Your goal: Your task is to copy each line of the records that includes the string "another".

Given records:
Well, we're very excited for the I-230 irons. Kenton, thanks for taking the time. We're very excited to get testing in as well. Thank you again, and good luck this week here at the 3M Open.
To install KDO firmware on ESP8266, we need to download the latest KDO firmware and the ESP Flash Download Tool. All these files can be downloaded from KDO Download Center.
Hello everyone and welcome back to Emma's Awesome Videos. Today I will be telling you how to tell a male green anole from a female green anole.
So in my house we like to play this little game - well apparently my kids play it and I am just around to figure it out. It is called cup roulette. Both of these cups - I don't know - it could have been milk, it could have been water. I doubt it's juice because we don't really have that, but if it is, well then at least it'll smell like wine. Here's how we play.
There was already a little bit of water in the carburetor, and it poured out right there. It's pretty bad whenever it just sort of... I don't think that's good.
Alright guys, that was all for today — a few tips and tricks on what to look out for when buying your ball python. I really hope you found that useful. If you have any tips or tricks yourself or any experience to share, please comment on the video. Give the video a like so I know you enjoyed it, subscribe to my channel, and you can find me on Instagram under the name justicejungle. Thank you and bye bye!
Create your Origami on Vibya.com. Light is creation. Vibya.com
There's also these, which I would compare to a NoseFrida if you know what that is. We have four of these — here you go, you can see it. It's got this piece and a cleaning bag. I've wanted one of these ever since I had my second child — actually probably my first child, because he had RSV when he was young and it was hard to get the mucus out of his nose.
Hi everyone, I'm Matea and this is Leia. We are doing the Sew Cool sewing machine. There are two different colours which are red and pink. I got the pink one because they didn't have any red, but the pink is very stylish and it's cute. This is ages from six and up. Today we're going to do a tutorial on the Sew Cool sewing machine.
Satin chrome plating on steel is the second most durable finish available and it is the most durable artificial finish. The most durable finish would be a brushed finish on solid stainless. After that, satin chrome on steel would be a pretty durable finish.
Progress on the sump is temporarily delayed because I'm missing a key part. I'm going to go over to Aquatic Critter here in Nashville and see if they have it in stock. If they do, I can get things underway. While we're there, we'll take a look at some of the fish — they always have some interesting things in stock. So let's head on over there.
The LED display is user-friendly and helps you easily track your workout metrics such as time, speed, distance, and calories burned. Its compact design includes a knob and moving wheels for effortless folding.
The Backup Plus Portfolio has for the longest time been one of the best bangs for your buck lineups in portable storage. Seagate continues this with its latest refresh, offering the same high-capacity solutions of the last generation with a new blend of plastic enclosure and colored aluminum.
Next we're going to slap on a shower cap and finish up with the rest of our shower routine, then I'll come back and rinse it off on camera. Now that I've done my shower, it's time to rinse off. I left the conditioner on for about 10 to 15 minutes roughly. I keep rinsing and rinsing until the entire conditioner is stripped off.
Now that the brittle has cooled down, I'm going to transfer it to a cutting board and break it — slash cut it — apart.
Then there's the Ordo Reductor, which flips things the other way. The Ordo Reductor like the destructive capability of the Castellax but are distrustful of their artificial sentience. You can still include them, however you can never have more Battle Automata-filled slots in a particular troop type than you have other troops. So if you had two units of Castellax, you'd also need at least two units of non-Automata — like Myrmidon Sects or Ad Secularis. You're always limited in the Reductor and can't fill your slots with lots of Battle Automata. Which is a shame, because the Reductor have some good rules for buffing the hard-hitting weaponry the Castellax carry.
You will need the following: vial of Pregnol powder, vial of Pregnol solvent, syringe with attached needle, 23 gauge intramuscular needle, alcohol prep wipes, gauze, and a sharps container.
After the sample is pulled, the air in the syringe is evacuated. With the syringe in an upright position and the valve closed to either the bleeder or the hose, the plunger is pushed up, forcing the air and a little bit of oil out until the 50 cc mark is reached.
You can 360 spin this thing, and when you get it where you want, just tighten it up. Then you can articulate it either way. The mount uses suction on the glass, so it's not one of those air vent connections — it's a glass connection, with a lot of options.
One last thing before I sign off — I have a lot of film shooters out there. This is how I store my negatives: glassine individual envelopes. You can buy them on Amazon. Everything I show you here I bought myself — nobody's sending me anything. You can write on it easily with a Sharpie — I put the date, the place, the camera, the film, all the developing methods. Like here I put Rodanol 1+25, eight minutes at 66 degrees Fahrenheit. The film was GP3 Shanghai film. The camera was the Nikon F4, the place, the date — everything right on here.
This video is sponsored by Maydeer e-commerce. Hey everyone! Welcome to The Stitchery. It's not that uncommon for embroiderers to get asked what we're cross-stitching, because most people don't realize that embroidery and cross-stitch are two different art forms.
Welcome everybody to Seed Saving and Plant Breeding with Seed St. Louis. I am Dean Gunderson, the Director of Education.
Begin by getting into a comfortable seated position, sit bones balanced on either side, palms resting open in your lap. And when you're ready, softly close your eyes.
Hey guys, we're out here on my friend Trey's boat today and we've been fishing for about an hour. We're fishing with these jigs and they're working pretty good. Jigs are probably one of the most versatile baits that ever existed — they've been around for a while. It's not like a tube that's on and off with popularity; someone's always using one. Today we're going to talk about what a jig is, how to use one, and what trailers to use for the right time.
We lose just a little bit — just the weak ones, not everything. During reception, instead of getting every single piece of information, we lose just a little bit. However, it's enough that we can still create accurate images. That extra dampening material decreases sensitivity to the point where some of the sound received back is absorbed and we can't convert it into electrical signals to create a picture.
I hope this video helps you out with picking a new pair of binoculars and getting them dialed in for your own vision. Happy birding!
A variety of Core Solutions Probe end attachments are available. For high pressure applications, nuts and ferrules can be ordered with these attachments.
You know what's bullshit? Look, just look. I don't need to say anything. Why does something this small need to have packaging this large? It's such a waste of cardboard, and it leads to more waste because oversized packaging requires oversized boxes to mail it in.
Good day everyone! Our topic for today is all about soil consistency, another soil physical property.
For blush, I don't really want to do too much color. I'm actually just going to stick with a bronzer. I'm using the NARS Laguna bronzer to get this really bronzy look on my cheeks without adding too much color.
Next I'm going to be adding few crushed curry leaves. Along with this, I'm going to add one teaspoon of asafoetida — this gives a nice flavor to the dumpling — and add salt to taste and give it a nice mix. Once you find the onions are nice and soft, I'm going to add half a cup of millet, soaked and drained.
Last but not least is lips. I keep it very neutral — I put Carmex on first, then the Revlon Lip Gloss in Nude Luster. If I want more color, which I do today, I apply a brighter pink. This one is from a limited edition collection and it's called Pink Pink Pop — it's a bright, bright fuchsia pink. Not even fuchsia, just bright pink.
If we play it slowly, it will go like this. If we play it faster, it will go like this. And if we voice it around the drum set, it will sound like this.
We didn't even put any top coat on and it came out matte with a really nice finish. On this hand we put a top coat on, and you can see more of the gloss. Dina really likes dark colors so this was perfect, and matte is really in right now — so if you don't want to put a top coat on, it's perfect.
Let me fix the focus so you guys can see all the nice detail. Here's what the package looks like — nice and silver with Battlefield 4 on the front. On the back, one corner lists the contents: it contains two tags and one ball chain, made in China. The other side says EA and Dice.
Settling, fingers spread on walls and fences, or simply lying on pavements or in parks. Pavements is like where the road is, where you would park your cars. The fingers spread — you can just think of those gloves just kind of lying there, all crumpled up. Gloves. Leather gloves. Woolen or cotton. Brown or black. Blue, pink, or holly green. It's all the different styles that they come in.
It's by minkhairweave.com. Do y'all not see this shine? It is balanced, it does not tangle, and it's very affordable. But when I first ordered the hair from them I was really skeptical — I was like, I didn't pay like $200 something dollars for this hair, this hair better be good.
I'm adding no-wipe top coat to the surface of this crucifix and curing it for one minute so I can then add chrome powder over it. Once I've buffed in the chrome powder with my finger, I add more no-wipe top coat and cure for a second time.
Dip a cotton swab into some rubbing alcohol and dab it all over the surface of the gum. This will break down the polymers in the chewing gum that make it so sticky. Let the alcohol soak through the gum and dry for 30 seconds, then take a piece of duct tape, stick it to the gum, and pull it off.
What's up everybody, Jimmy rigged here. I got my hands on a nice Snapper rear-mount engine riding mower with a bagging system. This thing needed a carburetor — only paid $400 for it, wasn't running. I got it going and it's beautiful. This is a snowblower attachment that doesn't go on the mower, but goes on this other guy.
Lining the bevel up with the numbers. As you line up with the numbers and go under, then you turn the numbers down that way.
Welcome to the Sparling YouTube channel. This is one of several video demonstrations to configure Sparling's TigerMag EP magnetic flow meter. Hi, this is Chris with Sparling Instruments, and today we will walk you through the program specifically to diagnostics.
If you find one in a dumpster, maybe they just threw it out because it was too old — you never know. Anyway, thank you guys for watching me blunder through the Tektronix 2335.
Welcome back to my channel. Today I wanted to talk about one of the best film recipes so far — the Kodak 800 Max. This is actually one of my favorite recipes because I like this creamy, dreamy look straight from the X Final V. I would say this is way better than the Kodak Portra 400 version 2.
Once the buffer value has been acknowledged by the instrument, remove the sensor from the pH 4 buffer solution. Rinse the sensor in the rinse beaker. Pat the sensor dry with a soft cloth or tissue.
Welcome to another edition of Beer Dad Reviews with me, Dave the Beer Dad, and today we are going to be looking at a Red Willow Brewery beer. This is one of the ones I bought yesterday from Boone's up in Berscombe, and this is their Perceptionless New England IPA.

Response area:
Good day everyone! Our topic for today is all about soil consistency, another soil physical property.
Welcome to another edition of Beer Dad Reviews with me, Dave the Beer Dad, and today we are going to be looking at a Red Willow Brewery beer. This is one of the ones I bought yesterday from Boone's up in Berscombe, and this is their Perceptionless New England IPA.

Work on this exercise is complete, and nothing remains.